To save as a PNG for quick use, you can click the download icon in the tool bar.

To save to SVG, you first change the output backend to 'svg' and then you can click the download icon again, and you will get an SVG rendering of the plot. After saving the SVG, you should change the output backend back to 'canvas' because it has much better in-browser performance.

[9]:
p.output_backend = 'svg'

bokeh.io.show(p)

Now, click the disk icon in the plot above to save it.

After saving, we should switch back to canvas.

[10]:
p.output_backend = 'canvas'

You can also save the figure programmatically using the bokeh.io.export_svgs() function.

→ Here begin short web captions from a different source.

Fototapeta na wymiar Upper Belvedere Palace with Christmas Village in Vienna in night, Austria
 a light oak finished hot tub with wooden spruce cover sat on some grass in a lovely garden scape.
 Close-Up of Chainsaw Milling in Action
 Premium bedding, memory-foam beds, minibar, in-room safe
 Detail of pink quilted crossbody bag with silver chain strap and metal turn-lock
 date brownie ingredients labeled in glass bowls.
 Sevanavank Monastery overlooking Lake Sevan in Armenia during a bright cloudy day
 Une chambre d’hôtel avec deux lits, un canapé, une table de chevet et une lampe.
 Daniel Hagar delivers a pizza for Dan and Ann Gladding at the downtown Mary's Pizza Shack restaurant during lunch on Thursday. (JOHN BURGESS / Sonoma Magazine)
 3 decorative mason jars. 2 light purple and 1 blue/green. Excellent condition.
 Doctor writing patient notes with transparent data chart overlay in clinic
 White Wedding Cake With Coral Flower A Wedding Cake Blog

This requires additional installations, so we will not do it here, but show the code to do it. Again, this will only work if the output backed is 'svg'.

p.output_backend = 'svg'
bokeh.io.export_svgs(p, filename='insomniac_confidence_correct.svg')
p.output_backend = 'canvas'

Finally, to save as HTML, you can use the bokeh.io.save() function. This saves your plot as a standalone HTML page. Note that the title kwarg is not the title of the plot, but the title of the web page that will appear on your Browser tab.

[11]:
bokeh.io.save(
    p,
    filename='our_first_bokeh_plot.html',
    title='Bokeh plot',
    resources=bokeh.resources.CDN,
);

The resulting HTML page has all of the interactivity of the plot and you can, for example, email it to your collaborators for them to explore.

Plotting generated data

You’re now a pro at plotting measured data. But sometimes, you want to plot smooth functions. To do this, you can use Numpy and/or Scipy to generate arrays of values of smooth functions.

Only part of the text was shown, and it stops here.